By Ann Fisher
Issue: March 1, 2005

VIDEOGAMES

According to leading marketing information provider, The NPD Group, annual 2004 US retail sales of videogames (which includes portable and console hardware, software and accessories) saw sales of over $9.9 billion - a decline of less than one percent when compared to $10 billion in annual 2003. However, while dollar sales were down slightly, total industry unit sales were up four percent over the same period last year.

For the first time ever, sales of portable software titles broke the $1 billion mark. Total software sales also continued to set new records, with sales exceeding $6.2 billion, an increase of eight percent in overall sales when compared to $5.8 billion in 2003.

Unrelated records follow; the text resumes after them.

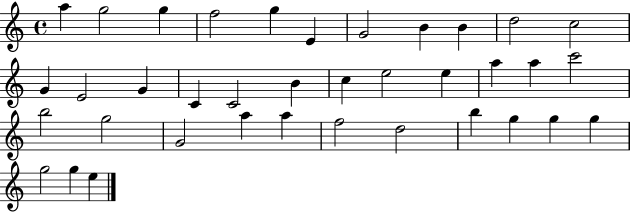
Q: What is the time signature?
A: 4/4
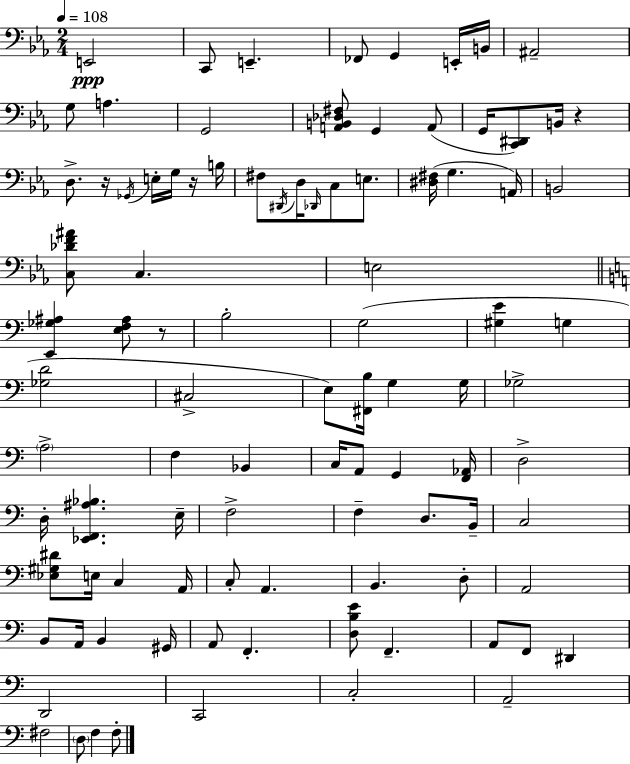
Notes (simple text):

E2/h C2/e E2/q. FES2/e G2/q E2/s B2/s A#2/h G3/e A3/q. G2/h [A2,B2,Db3,F#3]/e G2/q A2/e G2/s [C2,D#2]/e B2/s R/q D3/e. R/s Gb2/s E3/s G3/s R/s B3/s F#3/e D#2/s D3/s Db2/s C3/e E3/e. [D#3,F#3]/s G3/q. A2/s B2/h [C3,Db4,F4,A#4]/e C3/q. E3/h [E2,Gb3,A#3]/q [E3,F3,A#3]/e R/e B3/h G3/h [G#3,E4]/q G3/q [Gb3,D4]/h C#3/h E3/e [F#2,B3]/s G3/q G3/s Gb3/h A3/h F3/q Bb2/q C3/s A2/e G2/q [F2,Ab2]/s D3/h D3/s [Eb2,F2,A#3,Bb3]/q. E3/s F3/h F3/q D3/e. B2/s C3/h [Eb3,G#3,D#4]/e E3/s C3/q A2/s C3/e A2/q. B2/q. D3/e A2/h B2/e A2/s B2/q G#2/s A2/e F2/q. [D3,B3,E4]/e F2/q. A2/e F2/e D#2/q D2/h C2/h C3/h A2/h F#3/h D3/e F3/q F3/e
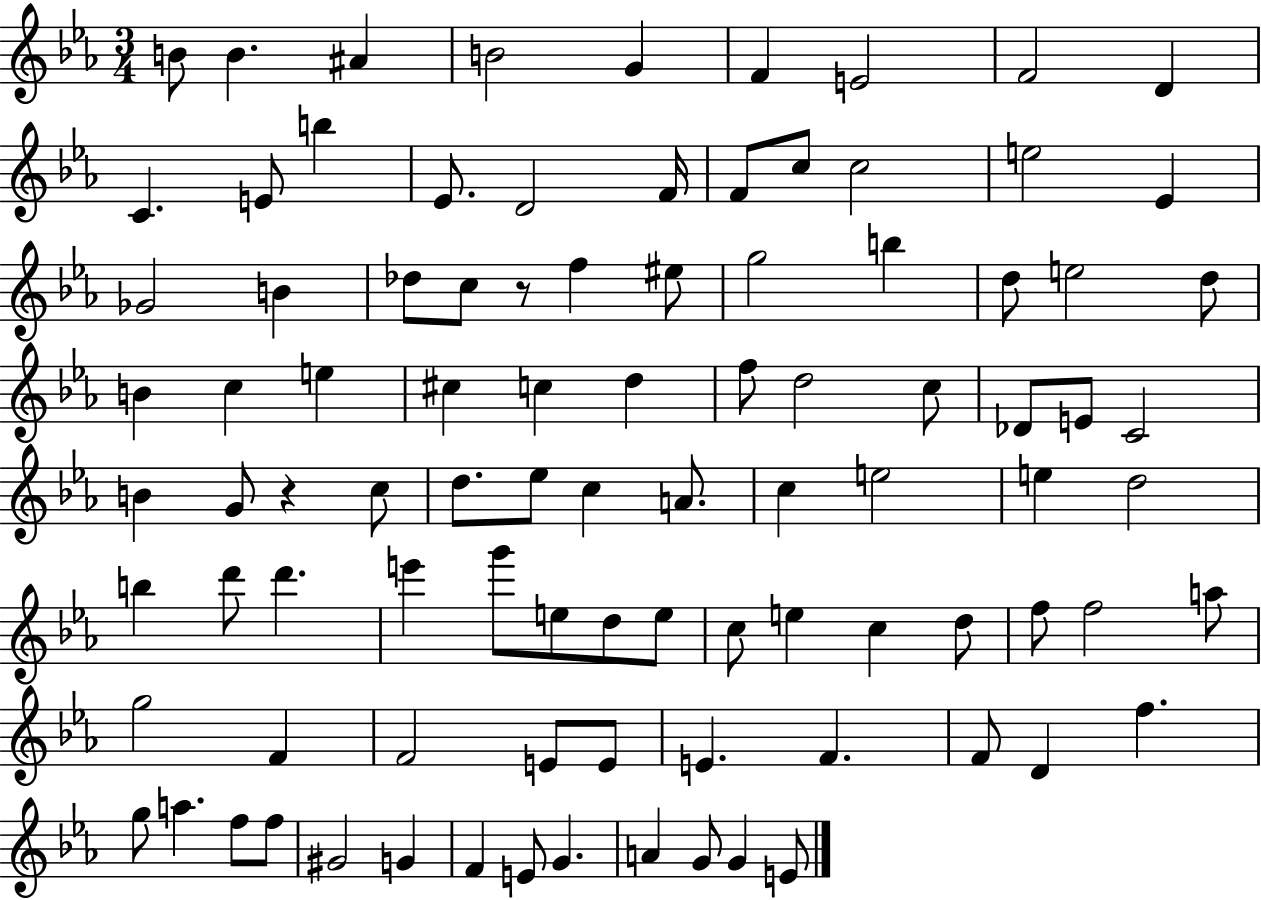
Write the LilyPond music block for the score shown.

{
  \clef treble
  \numericTimeSignature
  \time 3/4
  \key ees \major
  b'8 b'4. ais'4 | b'2 g'4 | f'4 e'2 | f'2 d'4 | \break c'4. e'8 b''4 | ees'8. d'2 f'16 | f'8 c''8 c''2 | e''2 ees'4 | \break ges'2 b'4 | des''8 c''8 r8 f''4 eis''8 | g''2 b''4 | d''8 e''2 d''8 | \break b'4 c''4 e''4 | cis''4 c''4 d''4 | f''8 d''2 c''8 | des'8 e'8 c'2 | \break b'4 g'8 r4 c''8 | d''8. ees''8 c''4 a'8. | c''4 e''2 | e''4 d''2 | \break b''4 d'''8 d'''4. | e'''4 g'''8 e''8 d''8 e''8 | c''8 e''4 c''4 d''8 | f''8 f''2 a''8 | \break g''2 f'4 | f'2 e'8 e'8 | e'4. f'4. | f'8 d'4 f''4. | \break g''8 a''4. f''8 f''8 | gis'2 g'4 | f'4 e'8 g'4. | a'4 g'8 g'4 e'8 | \break \bar "|."
}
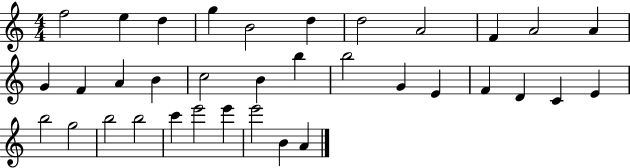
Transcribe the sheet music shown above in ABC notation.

X:1
T:Untitled
M:4/4
L:1/4
K:C
f2 e d g B2 d d2 A2 F A2 A G F A B c2 B b b2 G E F D C E b2 g2 b2 b2 c' e'2 e' e'2 B A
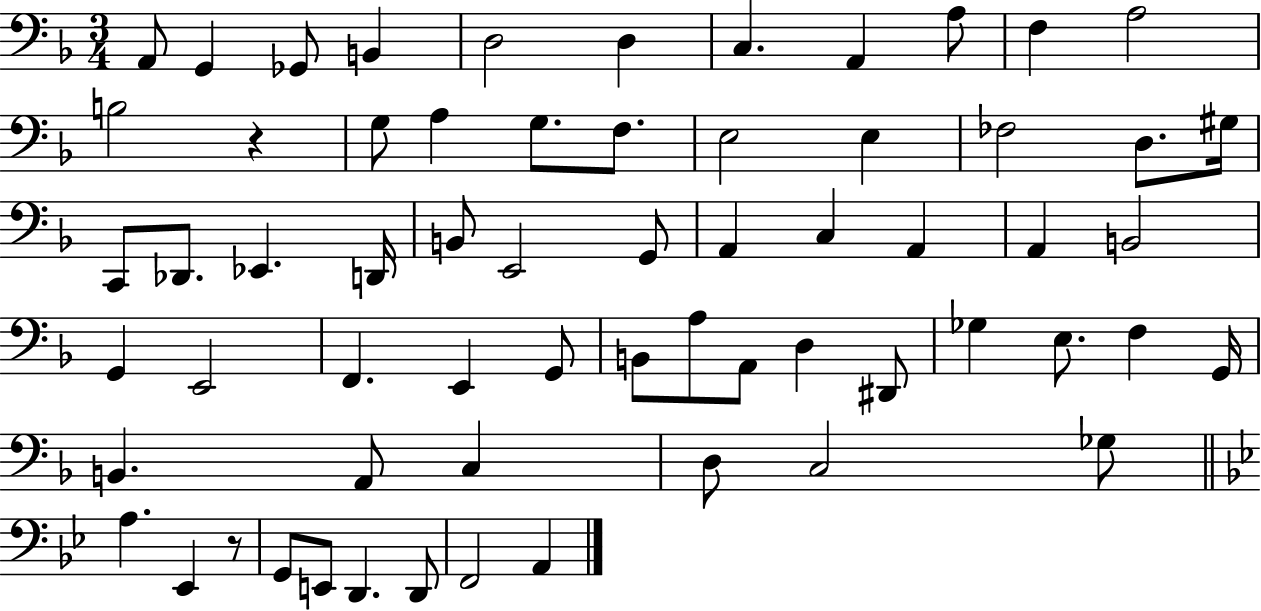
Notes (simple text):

A2/e G2/q Gb2/e B2/q D3/h D3/q C3/q. A2/q A3/e F3/q A3/h B3/h R/q G3/e A3/q G3/e. F3/e. E3/h E3/q FES3/h D3/e. G#3/s C2/e Db2/e. Eb2/q. D2/s B2/e E2/h G2/e A2/q C3/q A2/q A2/q B2/h G2/q E2/h F2/q. E2/q G2/e B2/e A3/e A2/e D3/q D#2/e Gb3/q E3/e. F3/q G2/s B2/q. A2/e C3/q D3/e C3/h Gb3/e A3/q. Eb2/q R/e G2/e E2/e D2/q. D2/e F2/h A2/q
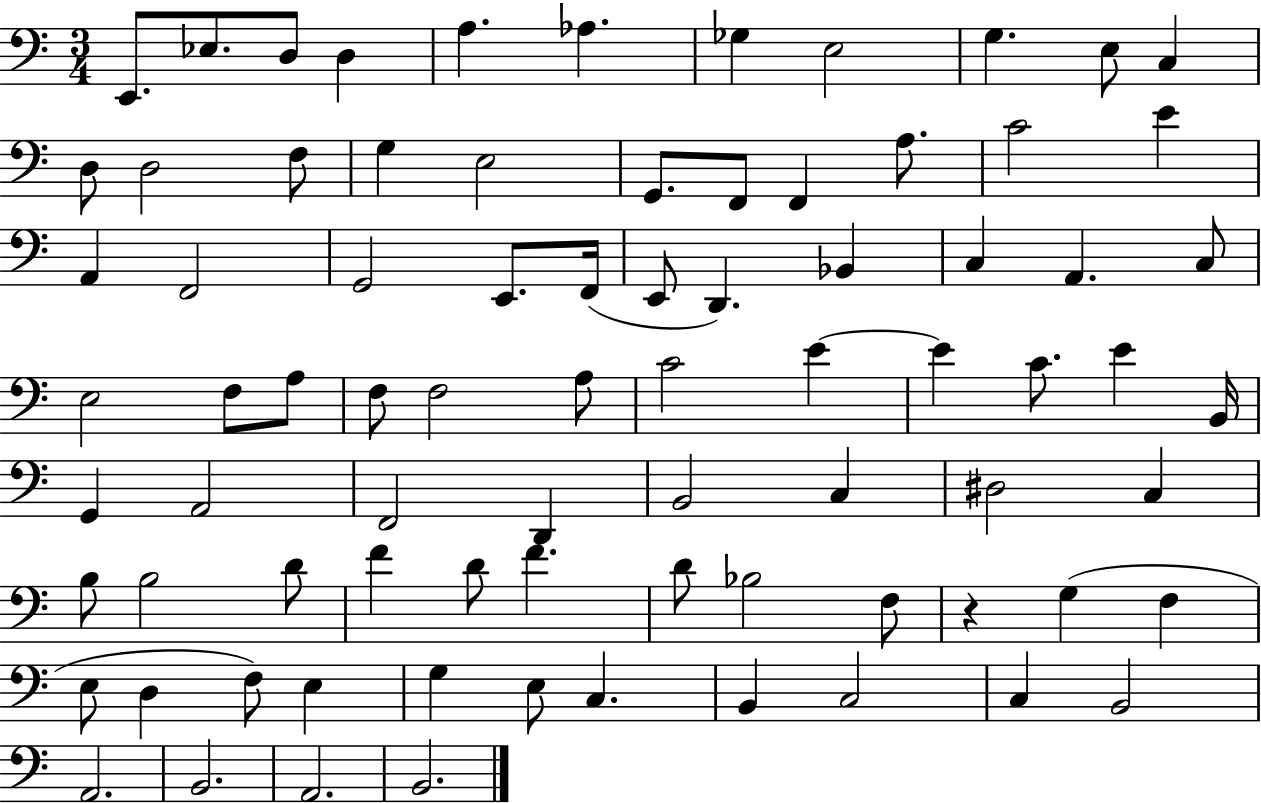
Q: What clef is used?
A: bass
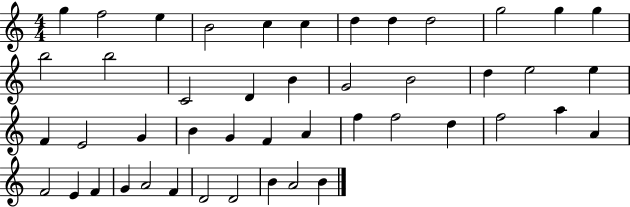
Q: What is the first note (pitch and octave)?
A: G5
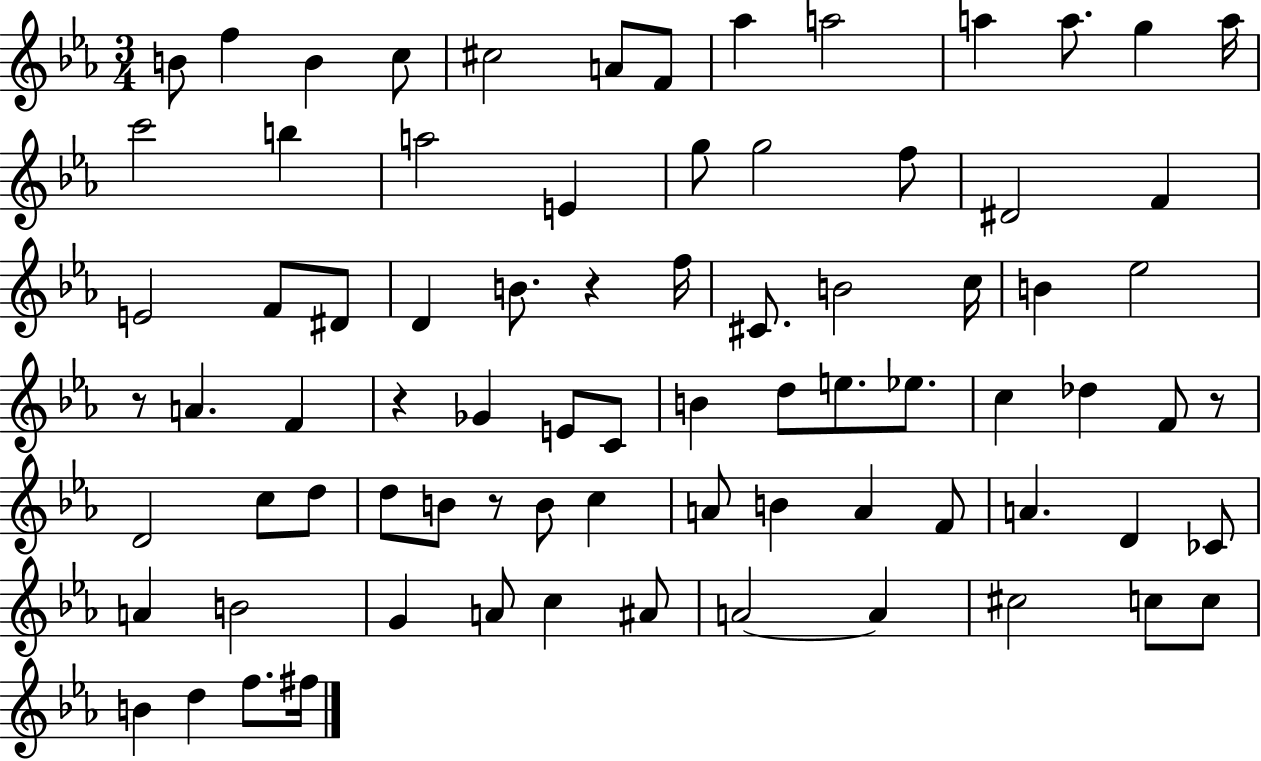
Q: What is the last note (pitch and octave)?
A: F#5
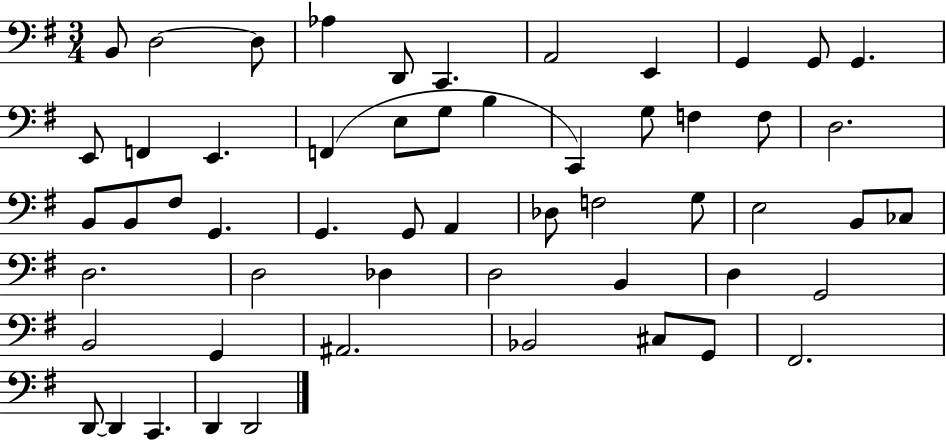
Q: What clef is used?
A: bass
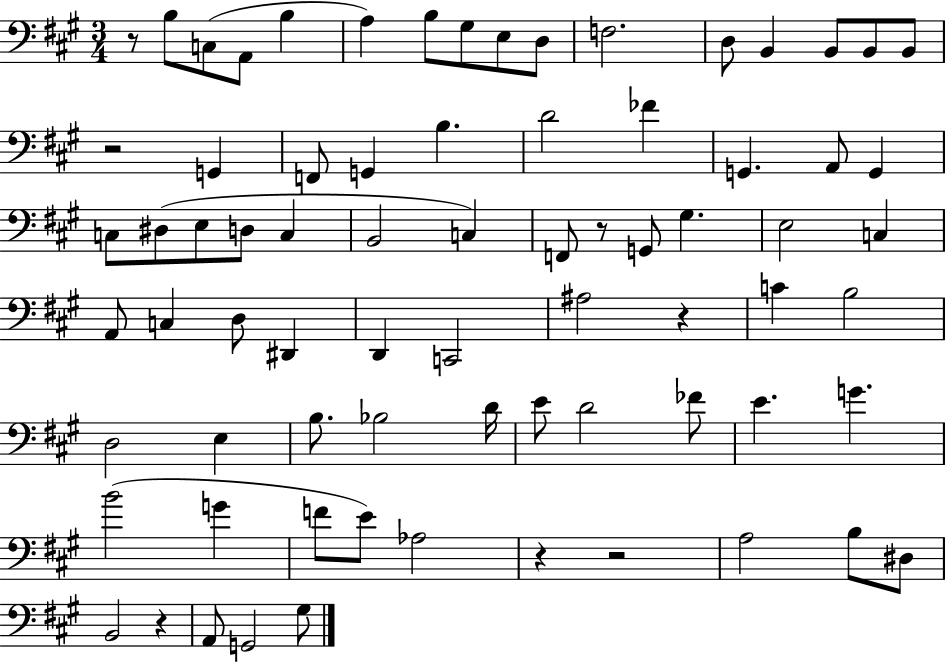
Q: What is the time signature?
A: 3/4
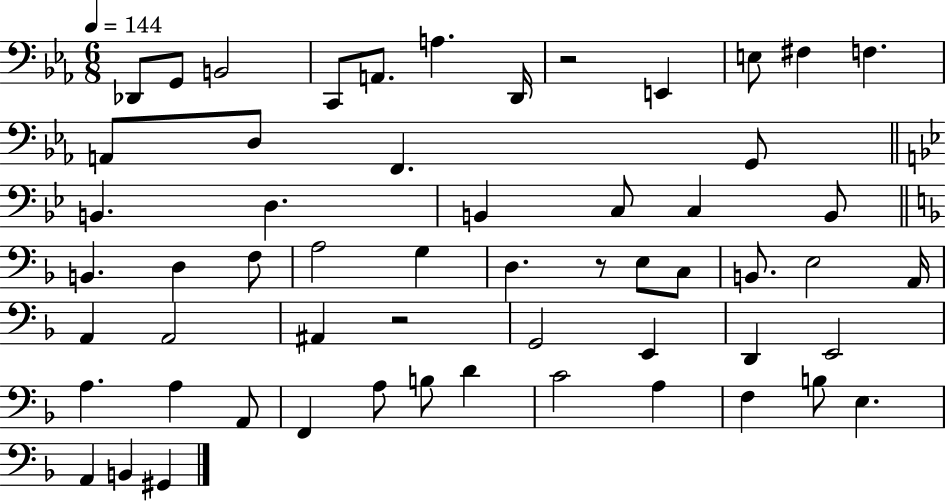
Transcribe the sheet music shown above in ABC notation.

X:1
T:Untitled
M:6/8
L:1/4
K:Eb
_D,,/2 G,,/2 B,,2 C,,/2 A,,/2 A, D,,/4 z2 E,, E,/2 ^F, F, A,,/2 D,/2 F,, G,,/2 B,, D, B,, C,/2 C, B,,/2 B,, D, F,/2 A,2 G, D, z/2 E,/2 C,/2 B,,/2 E,2 A,,/4 A,, A,,2 ^A,, z2 G,,2 E,, D,, E,,2 A, A, A,,/2 F,, A,/2 B,/2 D C2 A, F, B,/2 E, A,, B,, ^G,,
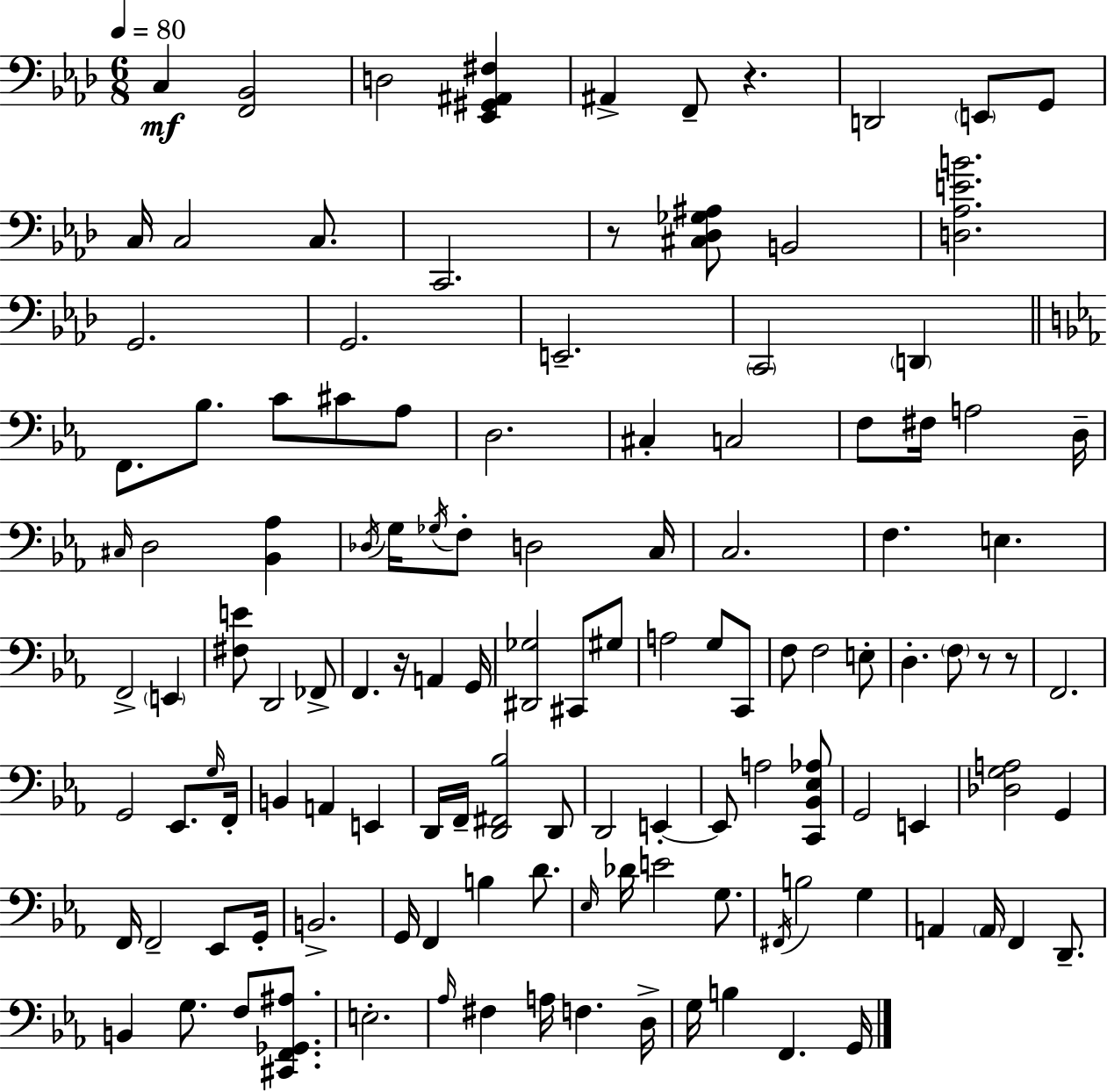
{
  \clef bass
  \numericTimeSignature
  \time 6/8
  \key f \minor
  \tempo 4 = 80
  c4\mf <f, bes,>2 | d2 <ees, gis, ais, fis>4 | ais,4-> f,8-- r4. | d,2 \parenthesize e,8 g,8 | \break c16 c2 c8. | c,2. | r8 <cis des ges ais>8 b,2 | <d aes e' b'>2. | \break g,2. | g,2. | e,2.-- | \parenthesize c,2 \parenthesize d,4 | \break \bar "||" \break \key c \minor f,8. bes8. c'8 cis'8 aes8 | d2. | cis4-. c2 | f8 fis16 a2 d16-- | \break \grace { cis16 } d2 <bes, aes>4 | \acciaccatura { des16 } g16 \acciaccatura { ges16 } f8-. d2 | c16 c2. | f4. e4. | \break f,2-> \parenthesize e,4 | <fis e'>8 d,2 | fes,8-> f,4. r16 a,4 | g,16 <dis, ges>2 cis,8 | \break gis8 a2 g8 | c,8 f8 f2 | e8-. d4.-. \parenthesize f8 r8 | r8 f,2. | \break g,2 ees,8. | \grace { g16 } f,16-. b,4 a,4 | e,4 d,16 f,16-- <d, fis, bes>2 | d,8 d,2 | \break e,4-.~~ e,8 a2 | <c, bes, ees aes>8 g,2 | e,4 <des g a>2 | g,4 f,16 f,2-- | \break ees,8 g,16-. b,2.-> | g,16 f,4 b4 | d'8. \grace { ees16 } des'16 e'2 | g8. \acciaccatura { fis,16 } b2 | \break g4 a,4 \parenthesize a,16 f,4 | d,8.-- b,4 g8. | f8 <cis, f, ges, ais>8. e2.-. | \grace { aes16 } fis4 a16 | \break f4. d16-> g16 b4 | f,4. g,16 \bar "|."
}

"The 2004 sales figures are impressive, especially as we enter the twilight of this hardware cycle and, more significantly, looking ahead, the videogame industry shows no signs of slowing down" says Douglas Lowenstein, president of the Entertainment Software Association, the trade association representing US computer and videogame publishers. "No other entertainment industry has posted the sustained growth over the last decade generated by the videogame sector, and given the technological and creative advances ahead, all signs point to surging growth and more record sales for many years to come."

For a healthy forecast of the videogame industry, ask Jacques Dussault, lead animator at Ubisoft, a Montreal-based game publisher with a dozen more development studios worldwide. "The industry has grown tremendously in the past five to10 years and we're expecting the industry will double its size in the next seven years," he says.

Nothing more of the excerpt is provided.